Moreover, Wole was the only male child, whom you could describe as the Arole or Dawodu or Aremo – which translate in literal sense to the scion or heir apparent of the Awolowo family.

This is to say that while other members of the family constituting three male stock had by virtue of marital conjugation veered from the Awolowo nomenclatural identity to answer to other family name, only Wole, as the only male child symbolised the nomenclatural continuity of the Awolowo family tree – thereby putting him as earlier mentioned – in the vantage platform of the Aremo or Arole or Dawodu of the family.

It is against this background, and the fact that Mama saw in Wole being the only surviving son – the image and symbolic representation of her departed beloved husband, that she (Mama), will be ready to give all it takes for her beloved and only surviving male son, to not only live, but outlive her.

It was this traumatizing suspense of Wole’s fate that Mama was contending with, when the sardonic messenger of death announced like a thunder bolt from a most unlikely quarters, to claim a most precious jewel of the Awolowo biological family in the person of Mrs Ayo Soyode.

If before now, Mama had managed with bathed breadth equanimity, over Wole’s fate, one required no prescience or extra sensory clairvoyance to comprehend the paranoia of heightened anxiety assailing Mama’s spirit over Wole – immediately following the death four years ago, of Mrs. Soyode.

And today four years after, the rest is history. Mama’s worst fears are confirmed. I join the millions of Awo’s larger ideological family all over the world, to admonish Mama and members of the Awo biological family, to weep no more.

There is certainly no doubt that Wole has in his own right, registered an indelible footprint in the sand of time.

Wole like his father strikes you as a philosopher, with a profoundly original mind.
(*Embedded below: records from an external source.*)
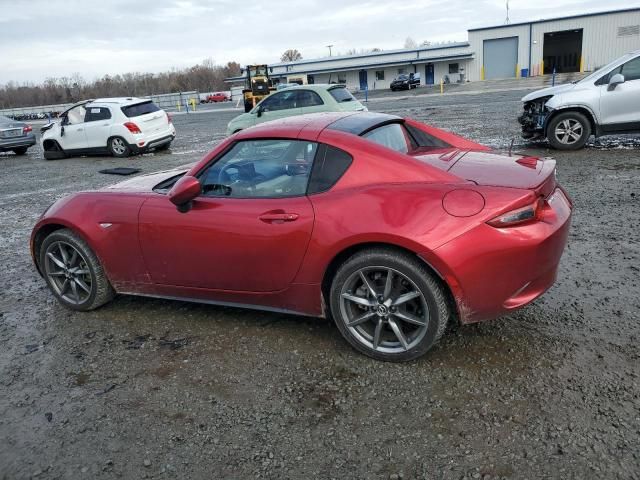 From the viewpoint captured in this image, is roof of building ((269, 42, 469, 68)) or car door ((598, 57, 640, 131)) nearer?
car door ((598, 57, 640, 131))

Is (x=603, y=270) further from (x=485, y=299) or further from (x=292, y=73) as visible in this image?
(x=292, y=73)

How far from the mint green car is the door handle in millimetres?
10177

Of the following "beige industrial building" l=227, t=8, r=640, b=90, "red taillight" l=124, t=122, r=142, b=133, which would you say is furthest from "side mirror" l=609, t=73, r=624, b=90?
"beige industrial building" l=227, t=8, r=640, b=90

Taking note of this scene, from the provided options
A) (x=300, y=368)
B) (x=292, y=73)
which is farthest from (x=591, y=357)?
(x=292, y=73)

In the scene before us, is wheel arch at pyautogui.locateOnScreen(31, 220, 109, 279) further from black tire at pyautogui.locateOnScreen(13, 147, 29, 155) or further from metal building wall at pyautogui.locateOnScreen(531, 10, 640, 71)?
metal building wall at pyautogui.locateOnScreen(531, 10, 640, 71)

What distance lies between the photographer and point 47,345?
377cm

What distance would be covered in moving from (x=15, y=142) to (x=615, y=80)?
686 inches

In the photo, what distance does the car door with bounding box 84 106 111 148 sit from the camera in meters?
14.4

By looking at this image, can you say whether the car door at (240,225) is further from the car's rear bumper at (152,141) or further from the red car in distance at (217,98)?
the red car in distance at (217,98)

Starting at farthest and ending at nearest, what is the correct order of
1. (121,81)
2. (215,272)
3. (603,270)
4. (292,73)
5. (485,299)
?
(121,81) → (292,73) → (603,270) → (215,272) → (485,299)

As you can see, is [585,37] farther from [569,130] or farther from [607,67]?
[569,130]

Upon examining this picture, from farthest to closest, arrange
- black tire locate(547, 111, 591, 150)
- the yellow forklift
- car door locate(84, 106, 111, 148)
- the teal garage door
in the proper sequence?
the teal garage door, the yellow forklift, car door locate(84, 106, 111, 148), black tire locate(547, 111, 591, 150)

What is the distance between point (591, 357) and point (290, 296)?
1.82m

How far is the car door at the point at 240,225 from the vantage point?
10.8 feet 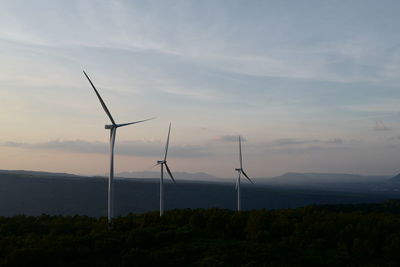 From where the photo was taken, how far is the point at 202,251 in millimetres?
43719

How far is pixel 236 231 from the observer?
190 feet

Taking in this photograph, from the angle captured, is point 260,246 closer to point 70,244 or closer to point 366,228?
point 366,228

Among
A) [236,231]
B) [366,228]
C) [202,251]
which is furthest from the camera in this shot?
[236,231]

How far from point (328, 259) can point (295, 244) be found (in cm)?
759

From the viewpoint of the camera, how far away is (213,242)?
157ft

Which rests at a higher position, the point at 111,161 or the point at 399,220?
the point at 111,161

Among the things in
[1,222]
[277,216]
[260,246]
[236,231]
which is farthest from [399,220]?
[1,222]

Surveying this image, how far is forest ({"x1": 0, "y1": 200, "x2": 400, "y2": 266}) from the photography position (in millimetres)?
39719

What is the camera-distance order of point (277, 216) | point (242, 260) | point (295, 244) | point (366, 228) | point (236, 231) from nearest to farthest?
point (242, 260), point (295, 244), point (366, 228), point (236, 231), point (277, 216)

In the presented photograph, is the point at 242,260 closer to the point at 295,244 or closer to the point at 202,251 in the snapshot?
the point at 202,251

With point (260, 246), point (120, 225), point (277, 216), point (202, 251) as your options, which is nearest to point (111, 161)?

I read some of his motivational treatise serialized in the Nigerian Tribune and I could not but stagger at the breath taking pragmatism of its content, which I am sure, would have contributed to no mean measure, in shaping many lives.

Only a profoundly fecund mind, would have churned out those great works, which boasts in addition, of remarkable literary felicity.

His religious piety, which was a theme of popular public knowledge – was also such that equally staggered the imagination.

There is no doubt that Wole lived an exemplarily inspiring life. He gave his all materially, financially and spiritually, to humanity on whom he impacted, even through his illuminating discourse on the path to good living – and in particular to his maker, to whom he devoted himself in unalloyed love and service.

It’s a thing of celebration, that Wole did not disappoint the family and the teeming number of Awo’s ideological family scattered all over the world. There is no doubt that his legendary father, the immortal Awo, would be proud of him.

It is against this background, that I join the teeming number of lovers of the Awo family not to mourn, but celebrate the glorious passage of their son.

And for every right-minded Nigerian, whose life the great Awo had touched in one way or the other, I appeal that he/she identify in prayer with this distinguished Nigerian family, particularly at this trying moment of tribulation in the trajectory of their existence, when the incident of Wole’s painful death, still remains fresh in memory, a year after.

Oluwole has fought a good fight. May his great soul rest in perfect peace.